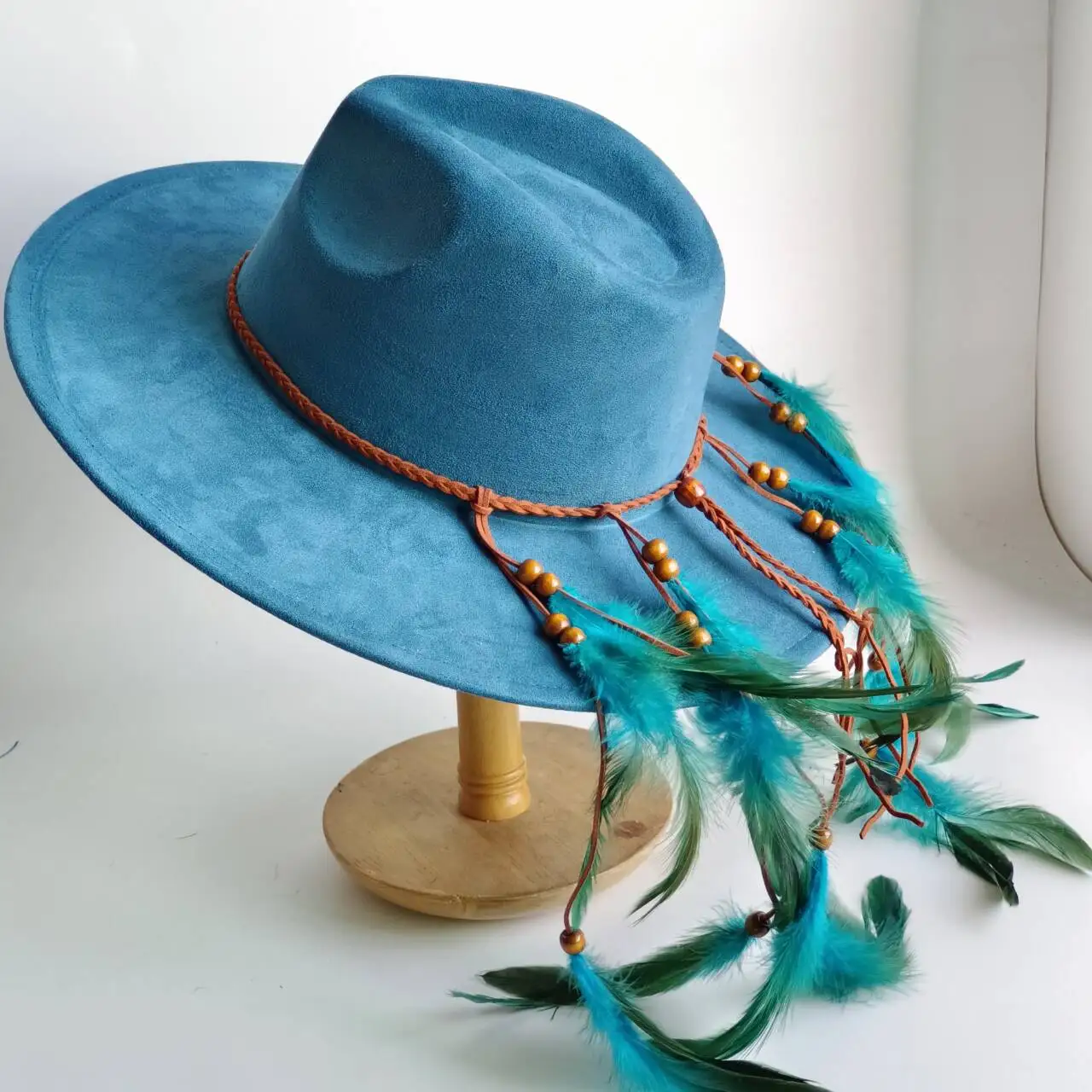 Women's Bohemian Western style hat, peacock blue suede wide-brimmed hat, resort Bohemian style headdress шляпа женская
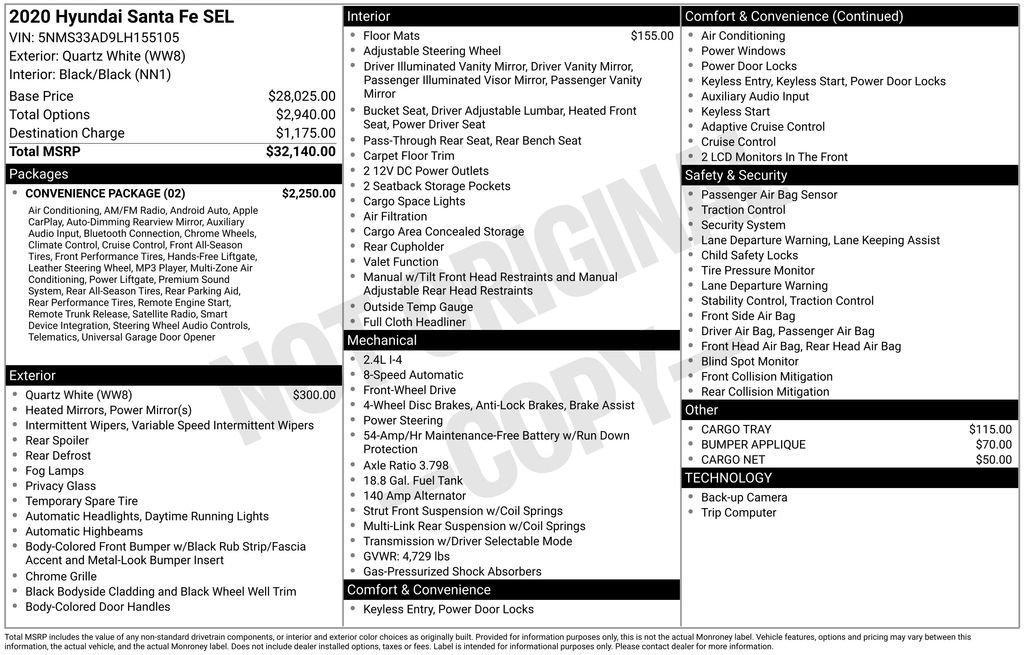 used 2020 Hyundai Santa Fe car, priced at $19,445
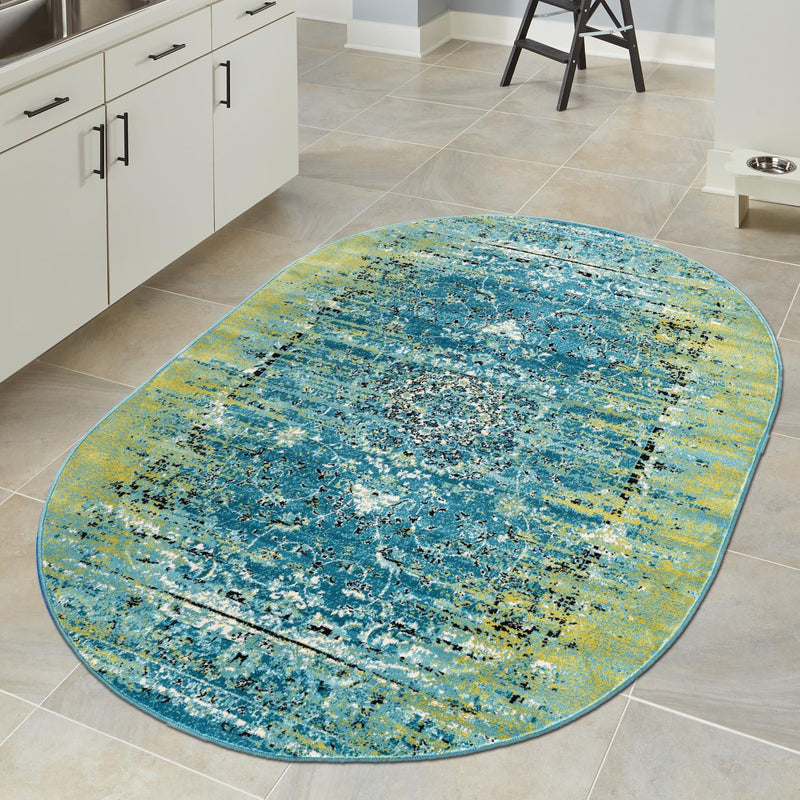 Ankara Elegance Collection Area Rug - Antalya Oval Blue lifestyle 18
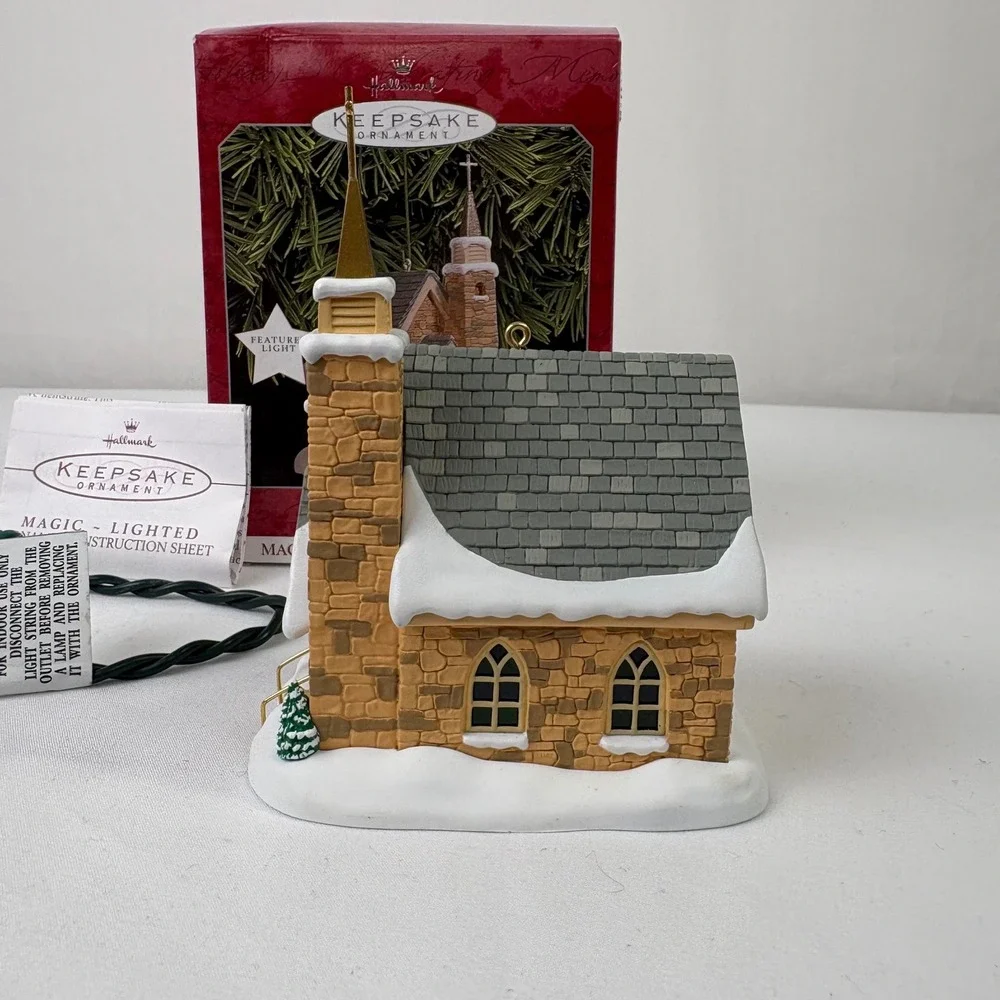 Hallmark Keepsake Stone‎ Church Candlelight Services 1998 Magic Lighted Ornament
* * * * * * * * *
• Exercise instructions
Leaving aside the pictures, copy the listing above exactly.

• Result for this task
 Women's Bohemian Western style hat, peacock blue suede wide-brimmed hat, resort Bohemian style headdress шляпа женская
 used 2020 Hyundai Santa Fe car, priced at $19,445
 Ankara Elegance Collection Area Rug - Antalya Oval Blue lifestyle 18
 Hallmark Keepsake Stone‎ Church Candlelight Services 1998 Magic Lighted Ornament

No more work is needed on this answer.